Task details:
Line by line, set down all the data below exactly, omitting any picture.

Data segment:
+ + + +

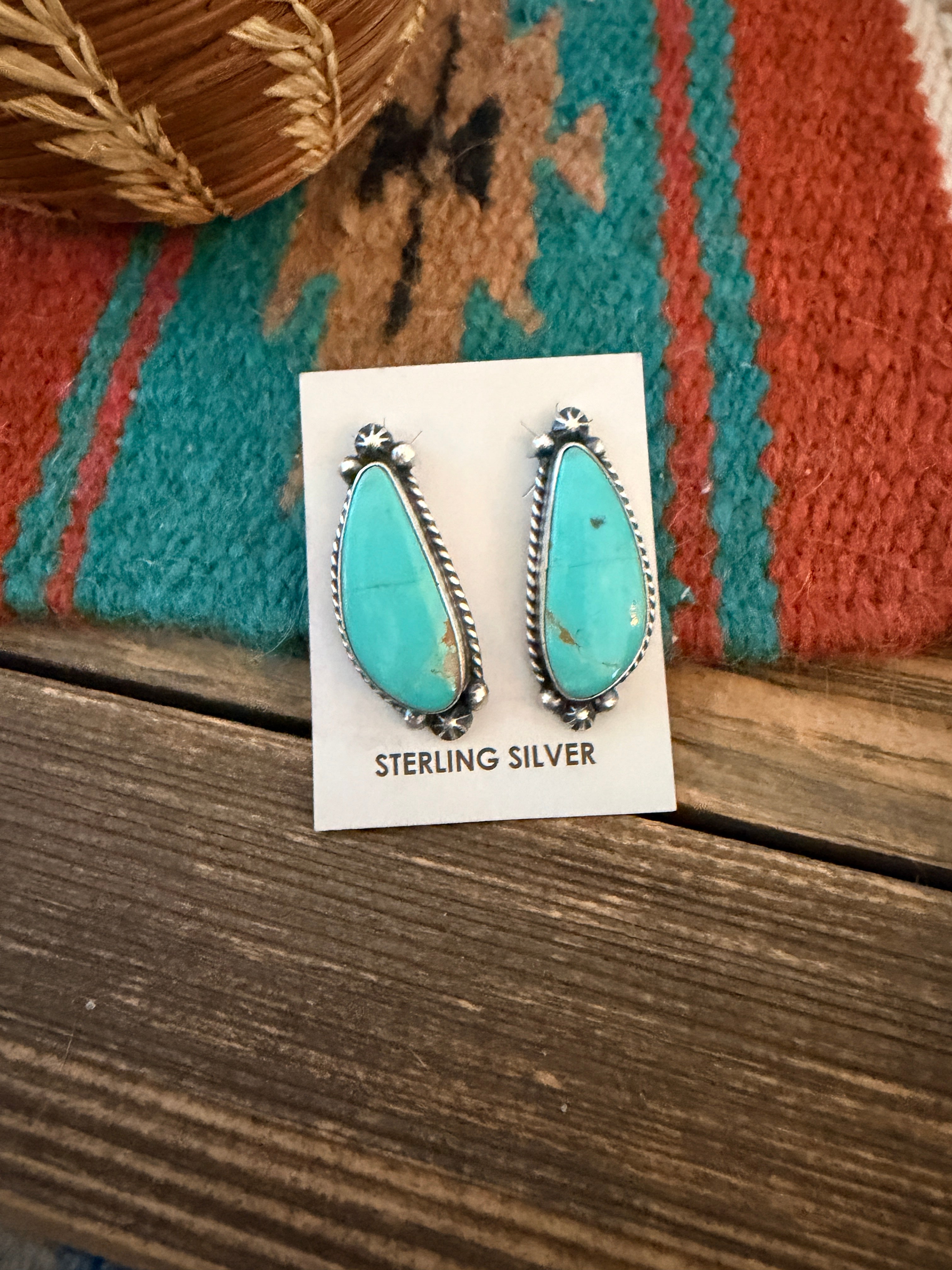 Handcrafted Turquoise & Sterling Silver Post Earrings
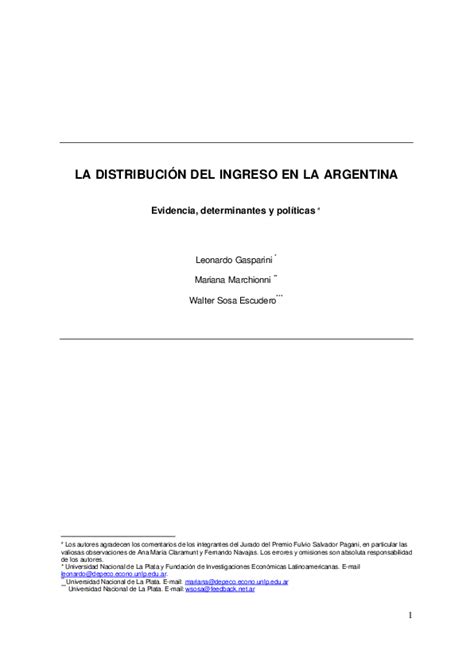 Pdf La Distribucion Del Ingreso En La Argentina Leonardo Gasparini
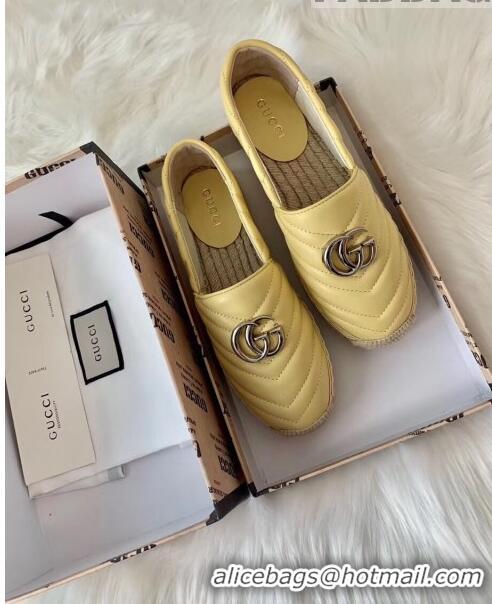 Imitation Gucci Matelassé Chevron Leather Espadrille 628086 Pastel Yellow 2020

+ + + +

Solved problem:
 Handcrafted Turquoise & Sterling Silver Post Earrings
 Pdf La Distribucion Del Ingreso En La Argentina Leonardo Gasparini
 Imitation Gucci Matelassé Chevron Leather Espadrille 628086 Pastel Yellow 2020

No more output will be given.